Explain that Jupiter is far from the Sun, and it does not receive nearly as much sunlight as Earth. Jupiter is so large, though, that it has heat leftover from its formation (and possibly as it continues to fall in on itself). Spacecraft instruments can detect a signal of this heat — infrared energy — and measure that Jupiter emits twice as much infrared energy as it receives from the Sun.

5. Ask the children to compare the winds seen on Jupiter and Earth on the Winds Seen from Space poster.

  • How many jet streams does Jupiter have? Five.
  • Does Earth have any jet streams? Yes, two.
  • How are they different? Jupiter's winds are much faster and the bands flow in alternating directions.

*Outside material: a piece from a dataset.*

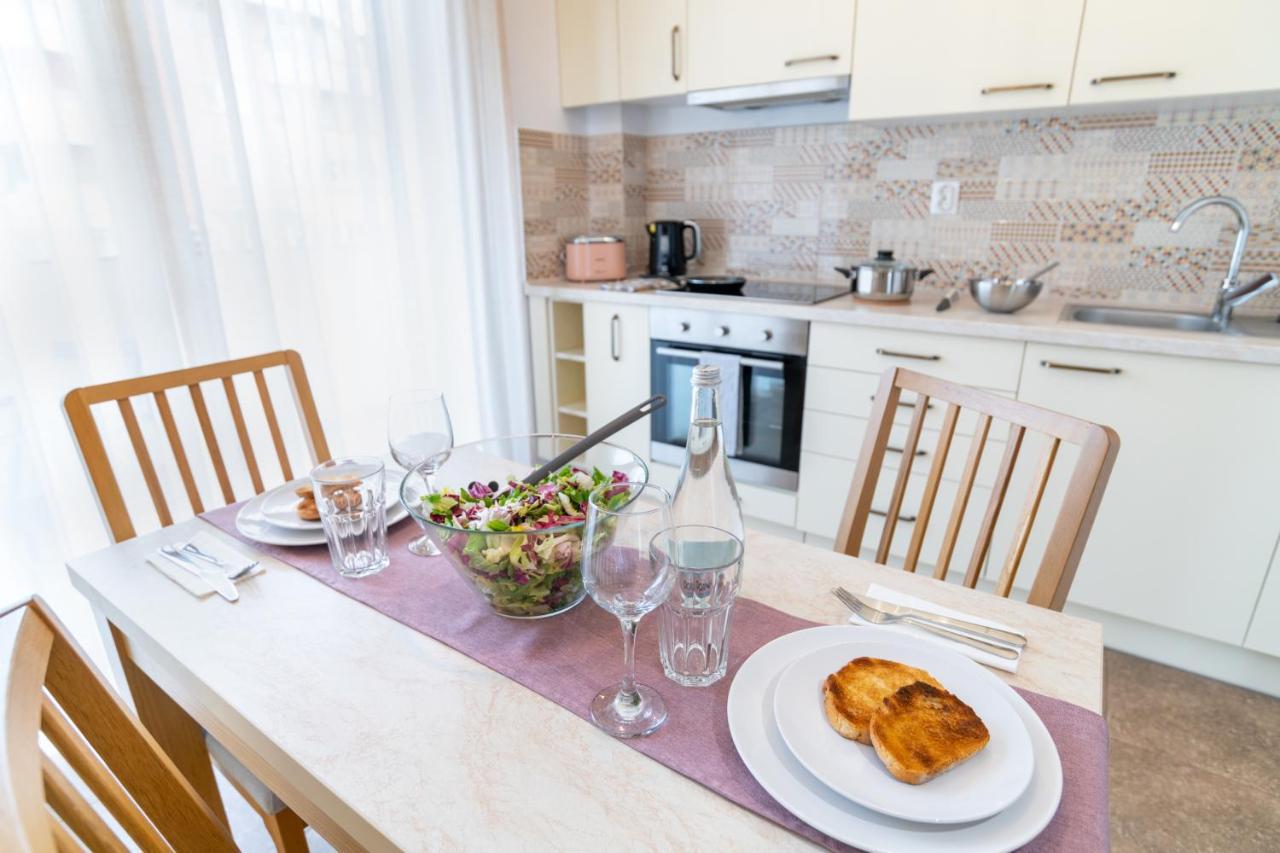 Tci Apartments คลูจ-นาโปกา ภายนอก รูปภาพ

Facilitator's Note: Jupiter spins on its axis once every 10 hours. The rapidly spinning planet generates five jet streams in each hemisphere that produce Jupiter's unique banded appearance. Earth has only about four dynamic jet streams, two — sometimes three — in each hemisphere, which all travel from west to east.

Conclusion

Summarize that convection creates stormy weather on both Jupiter and Earth. The Juno mission will measure the temperature of Jupiter's atmosphere at different depths to better understand the heat that drives the winds.

  • What kind of instrument do you think Juno could carry to do this? Thermometer.

Remind the children that since the Juno spacecraft will not enter Jupiter's atmosphere, it will take Jupiter's temperature from orbit and "see" more deeply than any instrument has before. Scientists want to better understand the atmosphere's temperature at different levels, how it has such strong winds deep inside, and how the gases are whipped into the bands we see across Jupiter's exterior.

Allow the children time to note their conclusions in their journals.